Operations on differential notation are fully rigorous in standard mathematics, as a well-defined representation of properties of differentiable functions. If you want the differentials themselves to be mathematical objects that satisfy the rules of the differential notation, that can be done (and is done, in several different useful ways) in standard mathematics. Robinson NSA is only one option.

this approximation never really becomes equality, the smaller the angles the better it works, but still never equality!

That is true in all forms of infinitesimal reasoning except those with nilpotents (which can be defined by asserting that the order $k$ Taylor approximations are an equality, for a selected value of $k$). Calculations are always "up to higher order terms".

we actually have in mind that this quantity contains higher order terms, but they will vanish after we parametrise?

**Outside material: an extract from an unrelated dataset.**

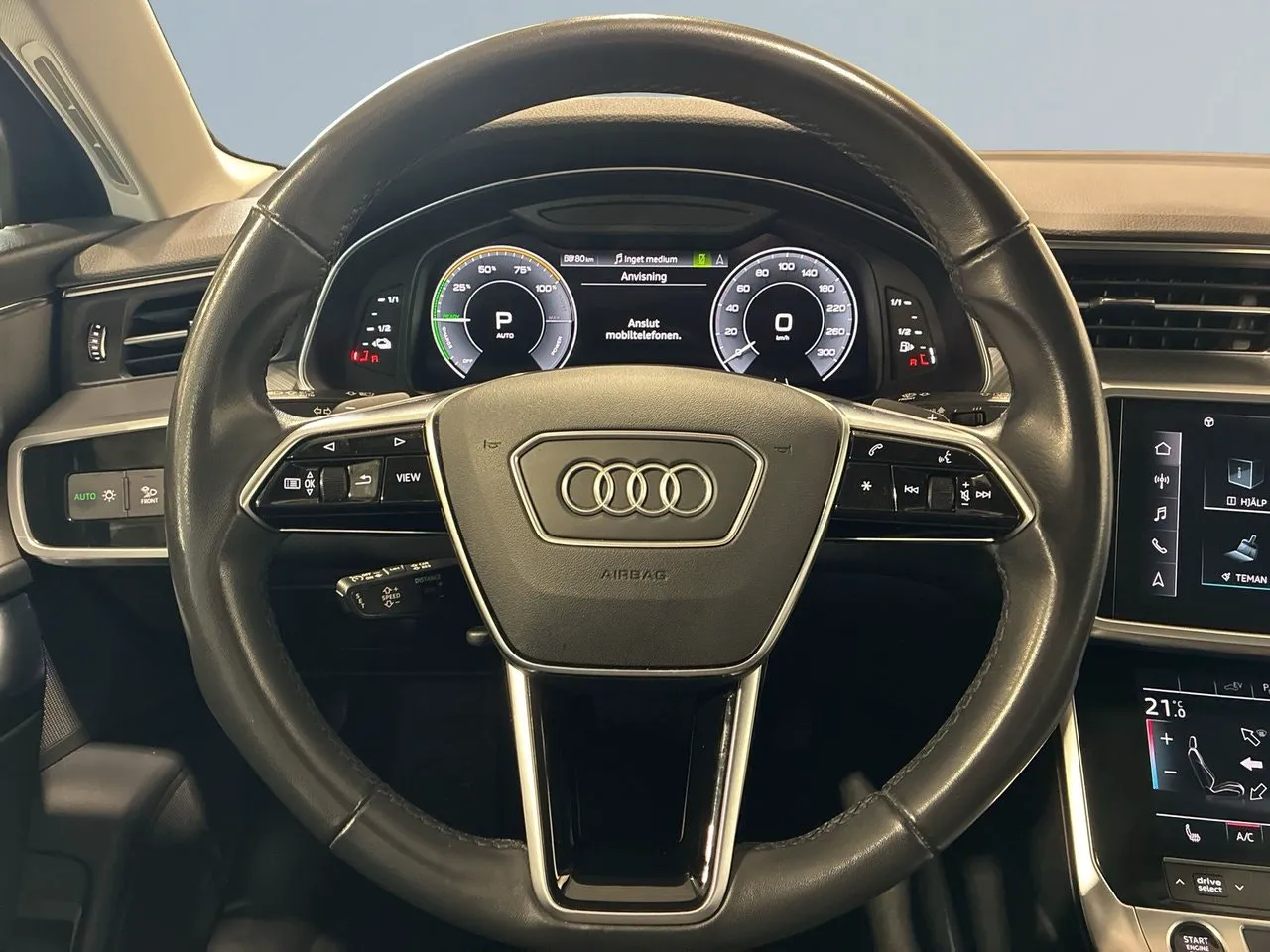 Audi A6 bild 15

We have in mind that only a finite leading-order term is being calculated at the end, and the rest is an error term that is qualitatively smaller in the sense that it vanishes in the limit, or is infinitesimal or nilpotent or non-non-zero (which are some of the meanings of "qualitatively smaller" that are assigned in different formalizations of infinitesimal reasoning). For example, the product rule $d(FG) = (dF)G + F(dG)$ is true only up to second-order terms, which means ignoring $(dF)(dG)$ as something that will not contribute to the end result when calculating some quantity such as $d(FG)/dt$. If you do not want the limiting or infinitesimal answer, but a finite change in $FG$ over a finite interval of $t$, then the product rule is false and the higher order terms need to be accounted for. The calculus rules are only for handling the principal terms in asymptotic calculations that become "exact in the limit".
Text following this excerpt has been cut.